In der Oper Köln hat Regisseur Torsten Fischer "Faust" mutig und bildkräftig inszeniert – keine Gartenlaubidylle! Die starke innere Bindung zwischen Faust und Mephistopheles, der mit großen schwarzen Flügeln eher Luzifer, der gefallene Engel ist, zeigt Fischer klar auf. Aber auch die unschuldige Kindfrau Röschen und die Gräfin Kunigunde, zwischen welchen Faust sich nicht entscheiden kann, sowie die kleineren Partien erhalten ein klares Profil. Ausstatter Herbert Schäfer stellt eine sechsstöckige Treppenflucht auf verschiedenen Ebenen in den Bühnenhintergrund, auf der sich der Chor stimmig zur Musik auf und ab bewegt.
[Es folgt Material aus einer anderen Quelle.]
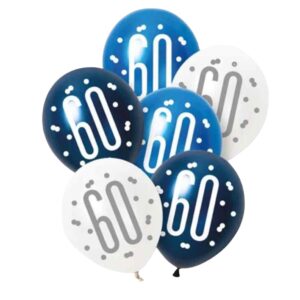 Unique Party Blue Glitz Pearlescent 60th Birthday Assorted Latex Balloons 30cm / 12 In – Pack of 6 Unique Party Blue Glitz Pearlescent 60th Birthday Assorted Latex Balloons 30cm / 12 In – Pack of 6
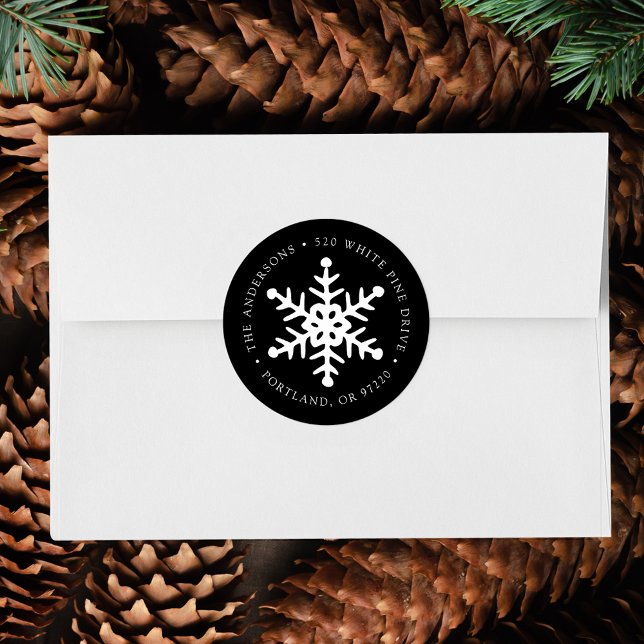 Modern Snowflake Black Return Label Runder Aufkleber (Von Creator hochgeladen)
Für intimere Szenen bedient sich Schäfer im Vordergrund einer raffinierten Auf- und Ablenkungstechnik mit wechselnden Ausschnitten.

Mel Ulrich in der Titelrolle überzeugte mit seinem großen, eleganten Bariton als Liebender in "Liebe ist die zarte Blüte" wie auch als Zwiespältiger in der großen Arie im zweiten Akt, in welcher er sich für keine der beiden Frauen entscheiden kann. Gidon Saks war mit imposantem Bariton und ausdrucksvollem Spiel Fausts beherrschendes Alter ego. Banu Böke in der Partie des Röschens klang anfangs etwas dünn; in der Kavatine "Dürft ich mich nennen sein eigen" entfaltete sich dann der ganze Liebreiz ihres mädchenhaften Soprans. Gräfin Kunigunde, schwankend in ihrer sinnlichen Liebe zwischen Graf Hugo und Faust, wurde von Regina Schörg mit blitzenden Koloraturen und auftrumpfender Stimme gesungen. Sehr ansprechend der Tenor von Justin Lavender als Graf. Andrea Andonian gab eine packende Darstellung der Hexe Sycorax, die den Tod verkörpert.

Den Kölner Gürzenich Philharmonikern entlockte Ralf Weikert alle Schattierungen einer romantischen Oper – als einziges "romantisches" Element. Er motivierte die Musiker zu zarten lyrischen Momenten, ließ sie kraftvoll in den Chorszenen aufspielen und entzündete am Ende ein gewaltiges musikalisches Höllenfeuer.

Eine ungewohnt kühne Inszenierung, die auch in ihrer stilistischen Geschlossenheit von Anfang an überzeugte.